Embauché par Dorothy Norwood au début des années 1970, il l’accompagne en tournée, en particulier lorsque celle-ci assure pendant trente dates la première partie des Rolling Stones. Keith Richards s’en souviendra, au point de l’embaucher pour quelques chœurs sur son album solo de 1988. Il collabore également avec Joe Cocker et Donald Fagen. Dans le courant des années 1980, Butler, qui a publié quelques singles séculiers sous son nom au début de la décennie (dont I can’t get over (Loving you), devenu un petit classique de la soul de l’époque) a rejoint les Blind Boys of Alabama de Clarence Fountain, participant à la comédie musicale The Gospel At Colonus et apparaissant sur plusieurs albums du groupe dans les années 1980 et 1990.

Il publie un album en collaboration avec Fountain, “Stepping Up & Stepping Out”, en 2009, puis un vrai album solo, “Raise Your Hands!” en 2015, qui le voit interpréter des compositions de Bruce Springsteen, Tom Waits, Eric Clapton et d’autres artistes pop et country. Un autre album sous son nom paraît en 2018, “Clarence Fountain Presents Sam Butler”. Il se produisait encore sous son nom il y a quelques mois. 

Norby Walters (1932-2023)

Figure flamboyante d’Hollywood, connu pour ses soirées et ses parties légendaires, Norby Walters avait fait ses débuts dans le monde de la musique en programmant des musiciens de jazz dans le bar de son père, rebaptisé le Brooklyn Bop Shop, au début des années 1950, offrant notamment son premier contrat en vedette à Miles Davis, avant de monter son agence de management et de booking, travaillant notamment avec et pour Gloria Gaynor, Marvin Gaye, Kool & the Gang, Patti LaBelle, Rick James, Parliament-Funkadelic, The Gap Band, The Four Tops, Michael Jackson et les premiers artistes hip-hop. 

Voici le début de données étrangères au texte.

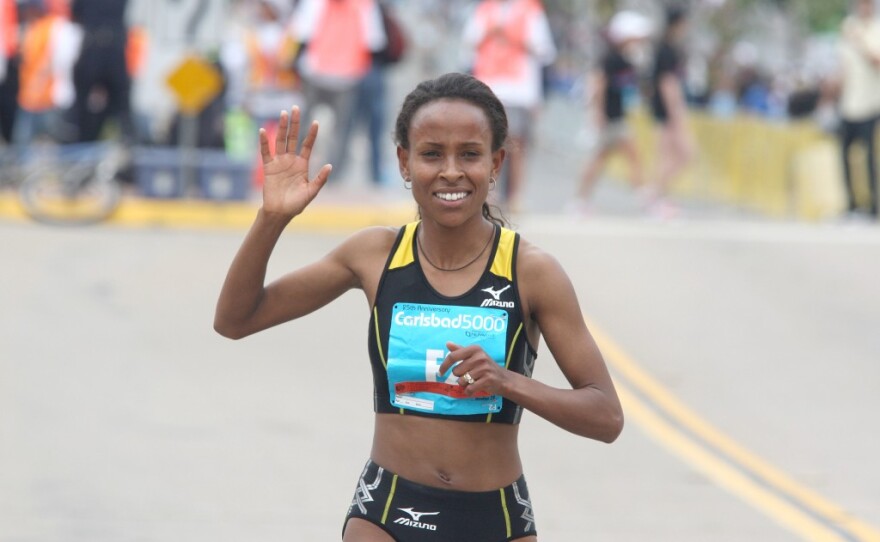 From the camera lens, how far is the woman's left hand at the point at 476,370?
154 inches

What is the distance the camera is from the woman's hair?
4.26m

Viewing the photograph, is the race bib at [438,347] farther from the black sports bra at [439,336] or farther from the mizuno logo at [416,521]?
the mizuno logo at [416,521]

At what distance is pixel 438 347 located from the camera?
420cm

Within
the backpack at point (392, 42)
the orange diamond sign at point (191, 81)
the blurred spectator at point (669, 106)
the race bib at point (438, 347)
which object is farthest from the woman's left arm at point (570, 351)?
the blurred spectator at point (669, 106)

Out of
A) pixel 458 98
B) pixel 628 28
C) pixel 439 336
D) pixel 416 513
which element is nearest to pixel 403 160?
pixel 458 98

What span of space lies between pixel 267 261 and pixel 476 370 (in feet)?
2.30

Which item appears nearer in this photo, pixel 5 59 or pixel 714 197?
pixel 5 59

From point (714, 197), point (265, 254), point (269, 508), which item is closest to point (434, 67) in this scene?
point (714, 197)

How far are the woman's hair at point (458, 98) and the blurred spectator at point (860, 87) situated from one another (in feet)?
44.7

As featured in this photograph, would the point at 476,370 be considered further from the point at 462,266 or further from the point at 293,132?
the point at 293,132

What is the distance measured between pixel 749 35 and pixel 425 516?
1724 inches

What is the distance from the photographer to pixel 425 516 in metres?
4.26

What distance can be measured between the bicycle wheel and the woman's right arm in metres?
10.7

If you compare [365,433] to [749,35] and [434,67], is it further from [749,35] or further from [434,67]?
[749,35] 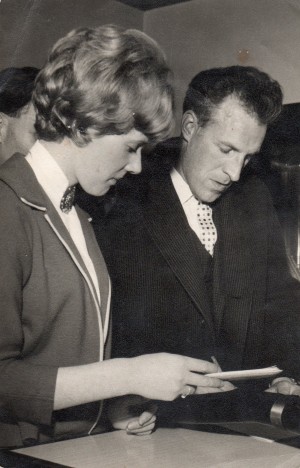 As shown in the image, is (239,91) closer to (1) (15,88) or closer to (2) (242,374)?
(1) (15,88)

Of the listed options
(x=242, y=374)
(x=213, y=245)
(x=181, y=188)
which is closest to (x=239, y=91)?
(x=181, y=188)

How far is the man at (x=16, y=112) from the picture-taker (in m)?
1.12

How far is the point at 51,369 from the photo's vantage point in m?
0.88

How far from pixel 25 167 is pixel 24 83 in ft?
0.92

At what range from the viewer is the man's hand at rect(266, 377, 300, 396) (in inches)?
46.3

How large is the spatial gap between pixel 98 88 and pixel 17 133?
23 cm

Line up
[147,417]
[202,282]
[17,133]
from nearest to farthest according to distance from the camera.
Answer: [147,417]
[17,133]
[202,282]

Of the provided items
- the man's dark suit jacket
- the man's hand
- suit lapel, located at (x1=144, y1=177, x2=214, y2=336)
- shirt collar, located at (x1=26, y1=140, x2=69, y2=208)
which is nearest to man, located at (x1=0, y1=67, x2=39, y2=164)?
shirt collar, located at (x1=26, y1=140, x2=69, y2=208)

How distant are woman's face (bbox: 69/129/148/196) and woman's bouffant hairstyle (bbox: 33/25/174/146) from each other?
15mm

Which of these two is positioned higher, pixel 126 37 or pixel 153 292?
pixel 126 37

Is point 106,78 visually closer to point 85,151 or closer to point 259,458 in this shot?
point 85,151

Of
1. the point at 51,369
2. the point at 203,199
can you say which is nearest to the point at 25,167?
the point at 51,369

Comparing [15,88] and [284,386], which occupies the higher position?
[15,88]

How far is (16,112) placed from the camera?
116 centimetres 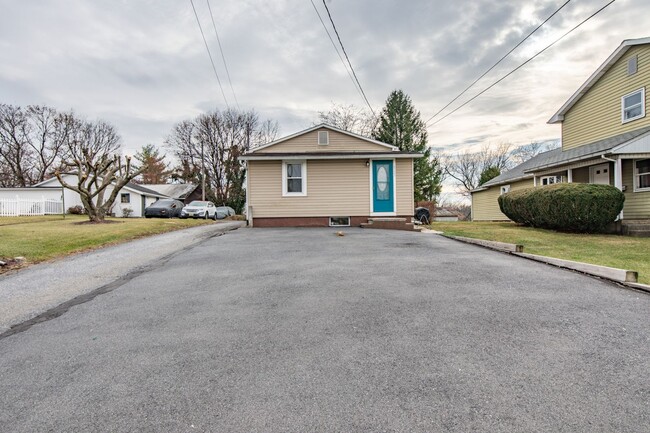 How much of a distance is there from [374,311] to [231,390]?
1764 mm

Frank Cassenti (1945-2023)

Réalisateur engagé, proche à ses débuts de Chris Marker, Frank Cassenti réalise dans le courant des années 1990 différents documentaires musicaux et films de concerts pour Arte et France 3, évoquant entre autres Sun Ra, Ray Charles, Archie Shepp, John Hammond, Keb’Mo et Taj Mahal. Il avait cofondé le festival Jazz à Porquerolles. 

Lamar Chase (19??-2023)

Originaire de Californie, le guitariste et chanteur Lamar Chase se fait remarquer localement dès l’adolescence et accompagne notamment John Lee Hooker, J.J. Malone et Lowell Fulson. Installé aux Pays-Bas à la fin des années 1980, il devient vite un habitué des clubs et festivals du pays, se produisant régulièrement en particulier au Bourbon Street d’Amsterdam. 

Maurice Hines (1943-2023)

Habitué des scènes de Broadway et du monde entier, seul ou en duo avec son frère Gregory, le danseur et chorégraphe Maurice Hines s’inscrivait dans la lignée des grands danseurs afro-américains, dans la continuité en particulier des Nicholas Brothers. Outre ses apparitions dans des comédies musicales, où il croise la route de Phyllis Hyman, Jennifer Holliday, Stephanie Mills ou Melba Moore, il joue, avec son frère, dans le film de Francis Ford Coppola The Cotton Club. Il avait publié plusieurs albums de standards dans les années 2000. 

Wendell Bates (19??-2023)

Membre de l’équipe de promotion de Sussex Records, Wendell Bates, qui a également travaillé pour Capitol, Polydor et London Records, était particulièrement associé à la carrière de Bill Withers.

Robert Phelps (19??-2023)

Figure de la scène blues de Houston à partir des années 1950, le saxophoniste Robert Phelps avait notamment tourné avec Big Mama Thornton et Clarence Gatemouth Brown avant d’intégrer l’orchestre de Milton Hopkins. 

Jesse Graves (1949-2023)

Originaire de Pennsylvanie, disciple de  Son House, Gary Davis et Johnny Shines, le chanteur et guitariste Jesse Graves avait publié en 1972 un album de reprises de classiques, de Robert Johnson à Lead Belly, et avait ensuite continué à se produire régulièrement, notamment dans le Dakota du Sud où il vivait. 

Guitar Mac (1946-2023)

Figure de la scène blues de Sacramento, le chanteur et guitariste Harvey Macknally Sr, plus connu sous le nom de Guitar Mac, avait publié plusieurs albums sous le nom de Guitar Mac & His Blues Express. Habitué du King Biscuit Blues Festival, il avait participé au début des années 1980 à une tournée européenne du San Francisco Blues Festival et apparaît sur l’album qui en est issu, “San Francisco Blues Festival In Europe Again”. 

Tawl Ross (1948-2024)

Originaire de Caroline du Nord, Lucius “Tawl” Ross rejoint Funkadelic en tant que guitariste rythmique en 1968 et contribue aux trois premiers albums de l’ensemble, ainsi qu’à “Self Portrait” de Ruth Copeland et à “Osmium” de Parliament, co-signant avec ses collègues quelques titres comme Super stupid et Wars of Armageddon. Une mauvaise expérience avec le LSD en 1971 lui laisse des séquelles qui lui imposent de quitter le groupe et le monde de la musique dans son ensemble. Il réapparaît néanmoins en 1995 sous le nom de Tal Ross* A.K.A. Detrimental Vasoline pour l’album “Giant Shirley” auquel participe un autre ancien clintonien, le batteur Jerome “Bigfoot” Brailey. 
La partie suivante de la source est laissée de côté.